Dersim Festivali biz de her sene olduğu gibi devrimci coşku ve umutla devlet nezdinde ise ise aynı saldırganlık ve baskıyla geçti. Dersim Doğa ve Kültür Festivali’ne saatler kala Valilik “Festivaller örgüte finans ve eleman kazandırıyor” diyerek festivali yaptırmayacağını ilan etmiş oldu. İki senedir OHAL ve “halkın güvenliği” bahane edilerek yasaklanan festival bu sene de farklı bir sebeple yasaklandı. Asıl hedefe koyduklarının halkın birlikteliği, kültürü, dili ve en önemlisi bu birliktelikten doğacak dayanışma olduğunu hepimiz biliyoruz.

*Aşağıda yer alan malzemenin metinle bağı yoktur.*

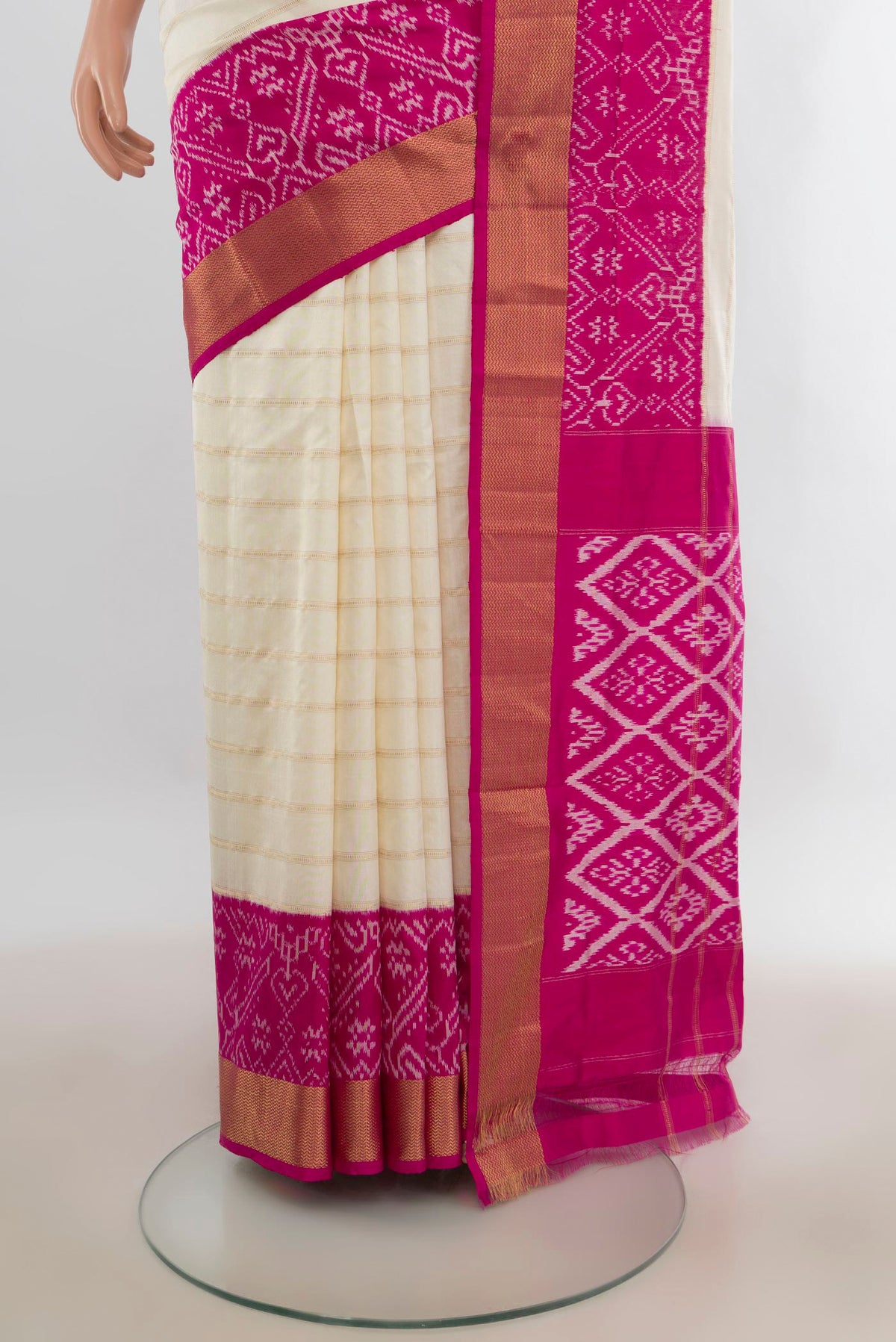 Pleats and pallu of Pure Silk Off White Pochampally Saree with Stripes on the body and Ikat Border. 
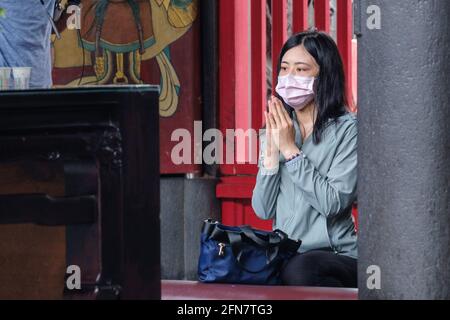 Taipei, Taiwan. 13 maggio 2021. Una donna che indossa una maschera facciale prega all'interno del tempio Longshan a Taipei in mezzo a un'impennata di casi Covid19. Il Centro centrale di comando per le epidemie (CECC) di Taiwan ha riportato un totale di 180 nuovi casi COVID-19 e ha portato il livello di allarme al livello 3 a Taipei. Credit: SOPA Images Limited/Alamy Live News Foto Stock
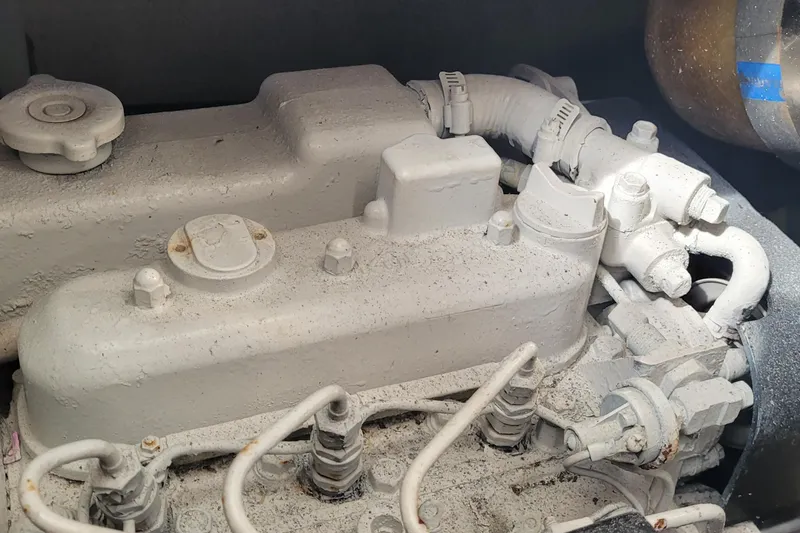 Slide: The Image of Engine compartment of a 2002 SeaTek 36 Express boat, showing detailed mechanical components. - 74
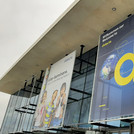 Plakate vor Glasfront einer Messehalle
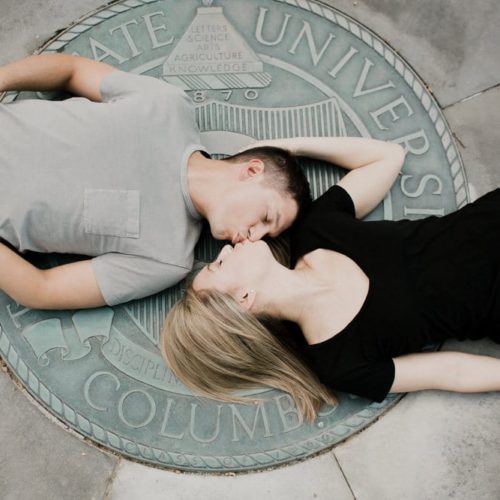 couple kisses on university seal by Dayton Ohio Photographer Kera Estep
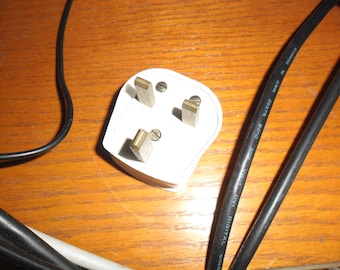british 3-prong electric plug (originally from Singer 222K)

Yasak ve baskılarla ger adım atmayıp marşlarımızla ve Partizan coşkumuzla düştük Dersim yollarına. Erzincan karayolu üzerinde başlayan GBT “uygulaması” Dersim sınırına girdiğimizde tam anlamıyla işkenceye dönüştü. Dersim’e yolculuk yapan halk kimlik vermekten, araçların aranmasından, dakikalarca yollarda bekletilmekten ve her defasında, “Dersim’e neden geldiniz? Nerelere gideceksiniz? Ne zaman geri dönüş yapacaksınız?” sorularından oluşan işkence silsilesinden bıkmış durumdaydı. Dersim topraklarında var olan abluka ve baskıyı daha yoldayken yaşlı bir kadın şöyle özetledi: “Filistin topraklarına mı giriş yaptık yoksa Dersim topraklarına mı? Anlayamadım.” Anlamak hiç zor değil aslında. Evet, burası Filistin değil ama Dersim… Burası düşmanın korkudan titrediği, yiğitlerin odağı Dersim… Bu korkuyu Dersim’in her dağına-tepesine kurulan kalekollardan, operasyon bahanesi ile ormanların bilinçli bir şekilde yakılmasından, köylünün geçim kaynağı olan yaylalara çıkışın yasaklanmasından, HES-JES gibi santrallerle köylerin sular altında bırakılmasından, baskılarla alınan ifadeler üzerine yapılan operasyonlarda yüzlerce kişinin tutuklanmasından vb. çok iyi biliyoruz. Evet, burası Dersim daha sınırında buram buram Çiğdem ve Nergis kokularını aldığımız Dersim…
FESTİVALDE 1. GÜN
Yasaklanan Festival’in ilk günü çevirme işkencesini atlatarak Nazimiye’ye giriş yaptık. Yolda öğrendiğimiz yasak üzerine hemen kendimize bir festival programı belirledik. Köylere gidecektik ve festivali köylere taşıyacaktık. Hemen harekete geçerek belirlediğimiz köylere doğru çıktık yollara. Dersim’in dağlarını arşınlarken Grup İsyan Ateşi’nin yeni yayınlanan “Kaçış yok kavgadan buradayız” isimli marşı ise ayrı bir coşku verdi bizlere. Bir tarafta şehitlerimizin kavgaya daveti bir tarafta marşlarımız diğer tarafta ise kapısını çaldığımız köylülerin samimiyeti ve Partizan’a olan özlemi…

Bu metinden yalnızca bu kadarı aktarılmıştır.